Writer: Amanda Wilkin
Director: Elayce Ismail
Some monologues take a while to warm up, but the best, like Amanda Wilkin’s Shedding A Skin, throw you directly into the middle of the story. Myah has been called into a meeting by her boss. When she looks around she sees that only the non-white employees have been summoned. She soon finds herself at the centre of a photo shoot designed to promote the company’s diversity hirings. It doesn’t end well.
Wilkin is a skilled storyteller, and from this early opening scene she has the audience hooked for the next 90 minutes. Tall and awkward, self-depreciating and shy, Myah is instantly likeable, and slightly familiar. Wilkin rattles through the story and we hear about Myah losing her job, splitting up with her boyfriend and responding to a Rooms to Let advert on the noticeboard at the local supermarket. The audience is often too busy laughing to feel sorry for her in these early moments.

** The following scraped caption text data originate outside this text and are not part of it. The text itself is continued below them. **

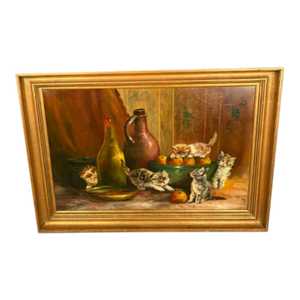 European Oil on Canvas Still Life With Kittens, Fruit and Bottles, Signed De Beer, Circa 1940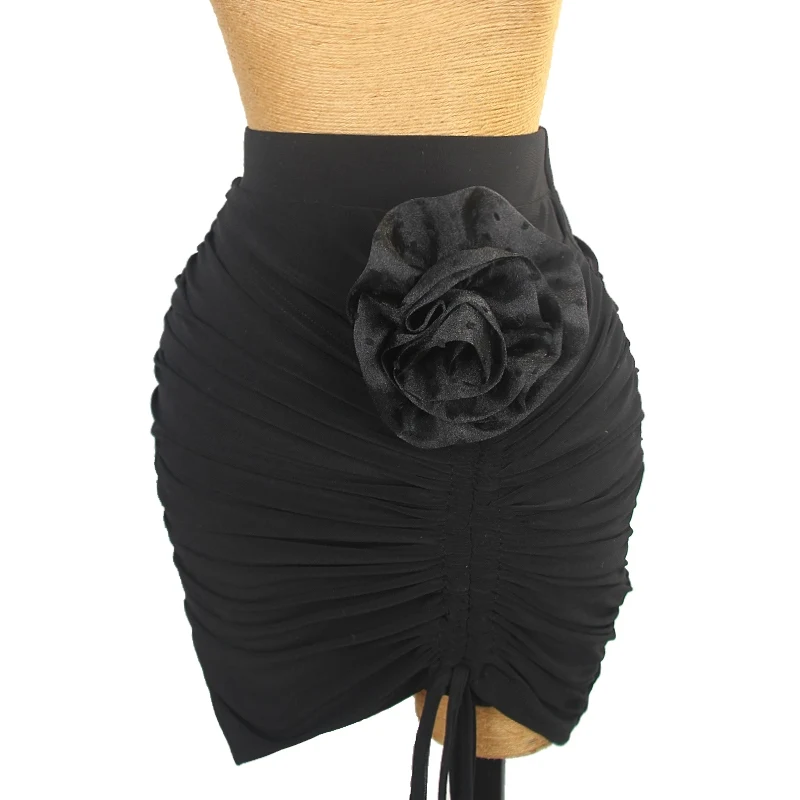 Latin Dance Drawstring Skirt Flower Black Wrap Hip Skirt Sexy Rumba Samba Dance Practice Clothes Salsa Dance Clothing DNV22051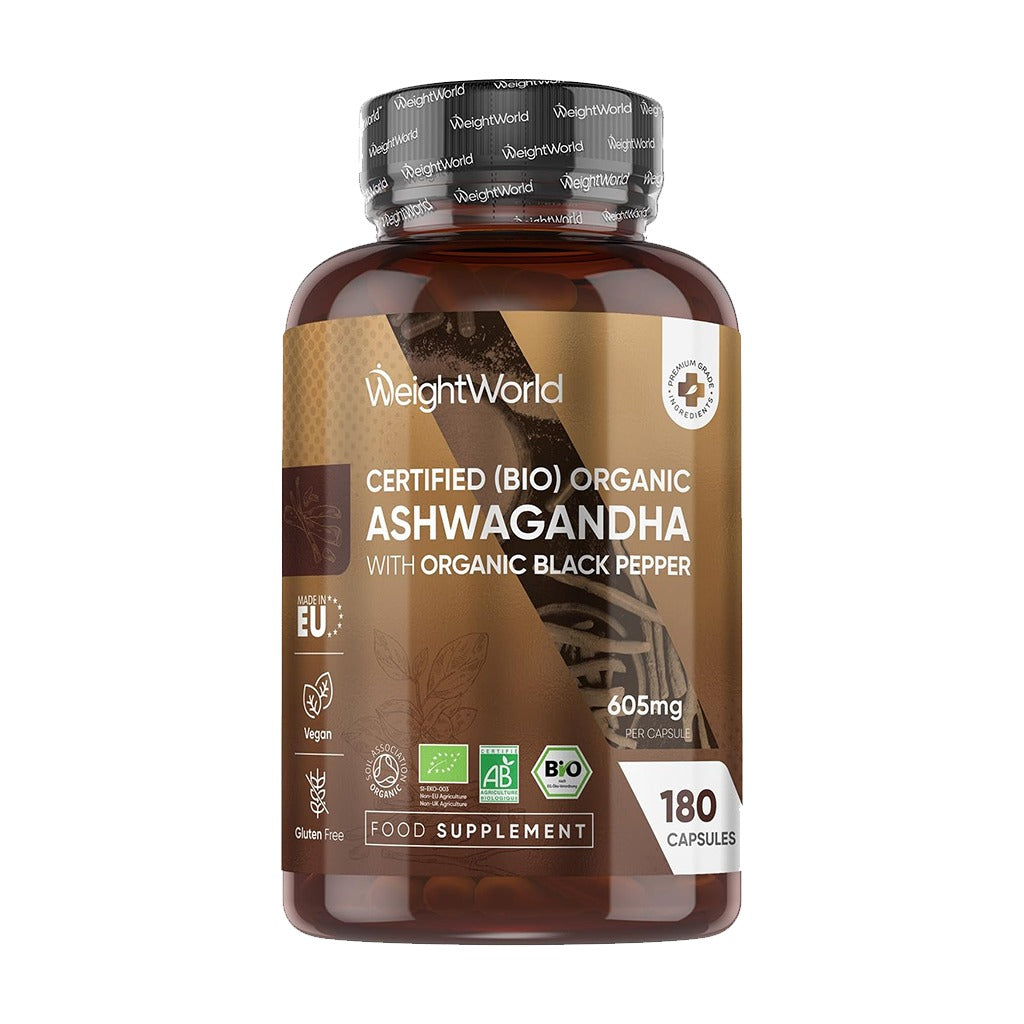 كبسولات الأشواجاندا العضوية 600 ملج 180 كبسولة - WeightWorld Organic Ashwagandha 600mg 180 Capsules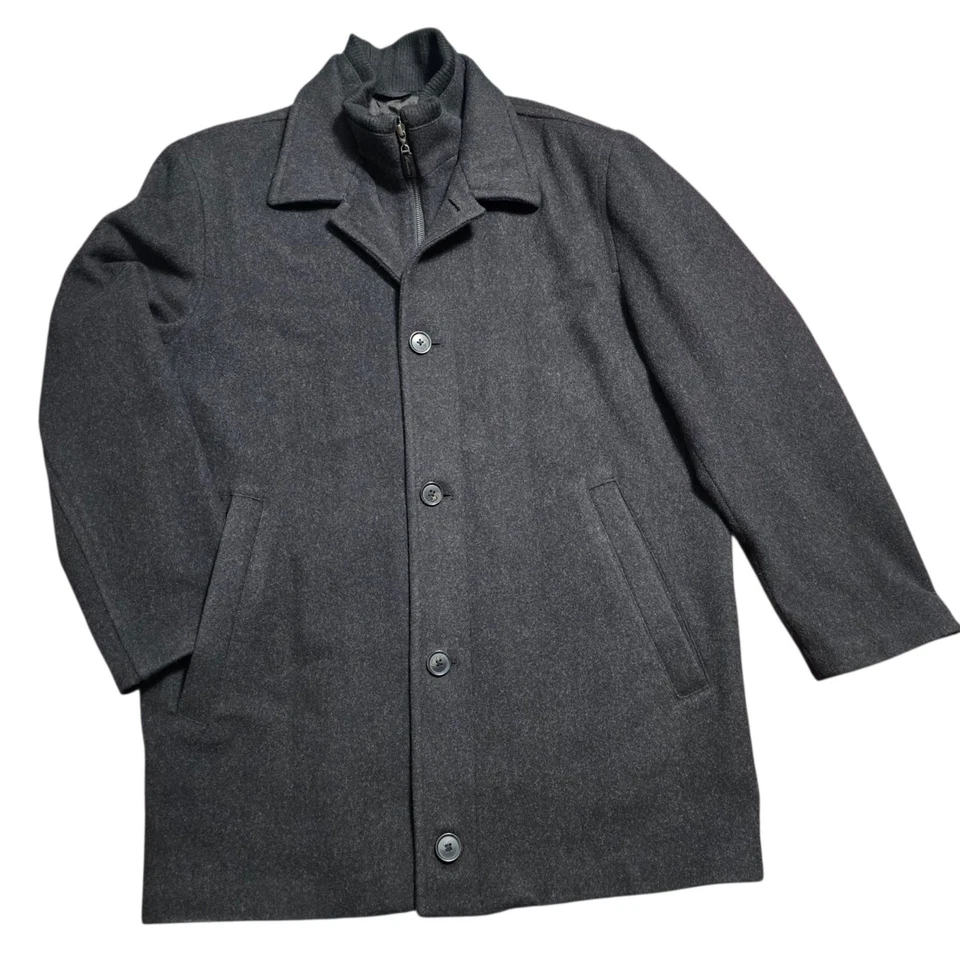 Daniel Cremieux Loro Piana Coat Men XL Charcoal Wool Bib Overcoat Quiet Luxury - Image 2 of 4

But it’s when Myah moves into Mildred’s house that the play slows down and really begins to take shape. Mildred is an elderly Jamaican woman who came to England in the ‘60s, but her life is sketchy and mysterious. There are no photos on display and Mildred is reluctant to talk.
In many ways, Shedding A Skin shares similar concerns to Jack Holden’s Cruise, which ran earlier this summer at the Duchess Theatre. Here a young gay man seeks out his queer ancestors from the ‘80s and ‘90s to discover that he is standing on the shoulders of giants. Wilkin’s play is also determined to forge alliances between the generations. Both shows call for a kind of collaboration.
Rosanna Vize’s set of screens is exciting, each disappearing panel a symbol of truth being found or of self-realisation being gained. Indeed, the only part of the play that doesn’t work is the snippets of other scenes of connection being made around the world. They are not necessary as the play itself does this work. The themes of the play do not need any further underlining.
In other times perhaps Wilkin could lead the audience out of the theatre and finish the play outside in Piccadilly Circus. It would be a fitting finale as this plays demands more than applause; it demands action.